* _RECORDED INFORMATION_:
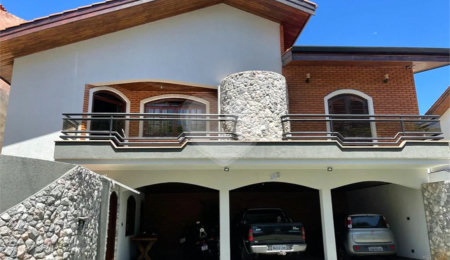 Casa à venda com 6 quartos, sendo 1 suíte,  no condomínio Granja Olga I, Sorocaba - SP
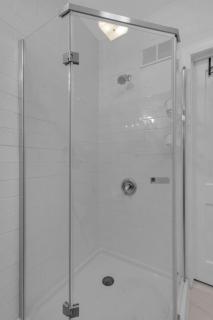 Close to Niagara Fall Dream Home - 9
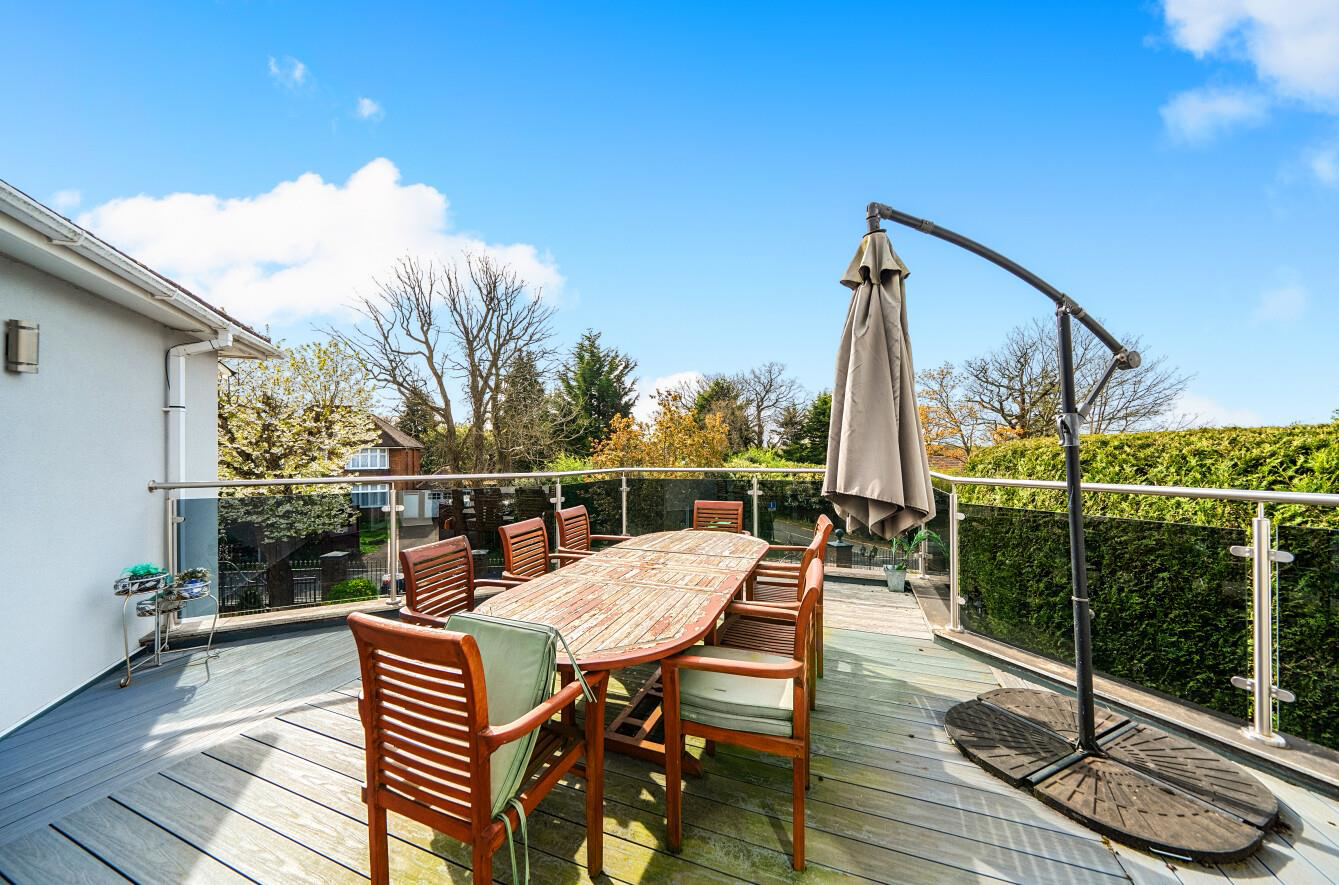 Hartsbourne Road, WD23, photo 13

* _PROBLEM REQUIREMENTS_: Copy exactly, and copy only, the lines from the one bearing "Close to Niagara Fall Dream Home - 9" through the closing line of the material, with both ends kept and pictures removed.

* _YOUR RESPONSE_:
 Close to Niagara Fall Dream Home - 9
 Hartsbourne Road, WD23, photo 13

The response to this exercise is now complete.